The BGA's concern is that funding cuts might cause:
4. (a) Cessation or interruption of
UK involvement in international projects to collect and maintain
long timespans of geophysical data, eg the Ocean Drilling Program's
unique collection of seafloor rock and sediment cores, which contain
a record of past climate change, but must be stored in a controlled
environment to avoid degradation. UK scientists would then be
denied access to the resources and would have no input into the
future of these programmes.
5. (b) Lack of support for archiving
and curating geophysical data, including borehole cores, continuous
seismometer records, meteorological and geomagnetic readings,
and oceanographic data, causing the resources put into their collection
and curation so far to be wasted;
6. (c) Loss of UK expertise in instrument
design, geophysical data collection, processing, interpretation
and preservation. UK students and professionals in these areas
will seek to pursue them abroad, or lose their expertise, and
aspiring geophysicists be deterred from entering the profession.
This would be particularly deleterious to the UK economy, which
is already experiencing a shortage of geophysicists in the oil
industry and can anticipate needs for geophysical skills in nuclear
waste disposal, carbon capture and storage, and geothermal energy
exploitation.

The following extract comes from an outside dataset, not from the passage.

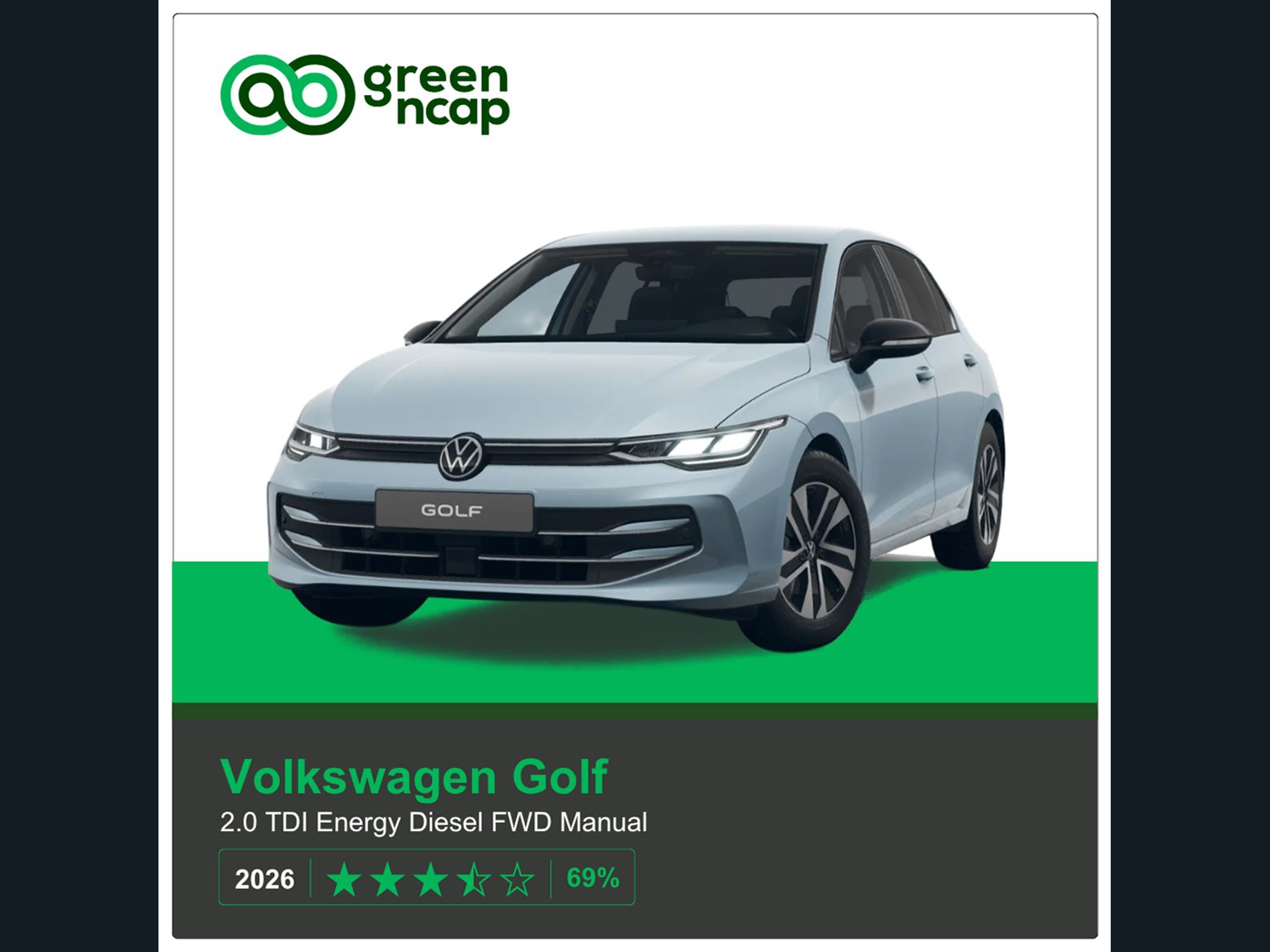 VW Golf Green NCAP results 2026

Geophysics is a "hard science" requiring
an early choice of specialisation in maths and physics by secondary-school
pupils. Deterring pupils now is likely to cause a worsening skill
shortage in 5-10 years' time.
7. The geophysical data described above
have to be collected continuously and routinely, and often respond
to slowly-varying phenomena with periods longer than the five-year
parliamentary cycle, for instance the 11-year sunspot cycle, and
(ill-defined) cycles of up to thousands of years between mega-earthquakes
at plate boundaries such as the Sumatra-Andaman arc, the Caribbean,
and Japan. Planetary data, for instance from Mars, which are valuable
in predicting environmental change on Earth, have additionally
both long spaceship design and flight times and, for outer planets,
longer orbital periods and hence longer data collection times
before useful seasonal cycles can be observed. The BGA criticised
on these grounds the Higher Education Funding Council for England
(HEFCE) proposed use of inevitably short-term "impact"
to measure eligibility for funding in the proposed Research Excellence
Framework (REF), by which the "research" element of
HEFCE funding will be decided.
8. We are also concerned that "impact"
and "significance" of geophysical research might be
assessed by (a) non-specialists, and (b) biased panels of specialists.
Non-specialists' judgements are both subjective and unverifiable,
and should not contribute to assessment of research excellence.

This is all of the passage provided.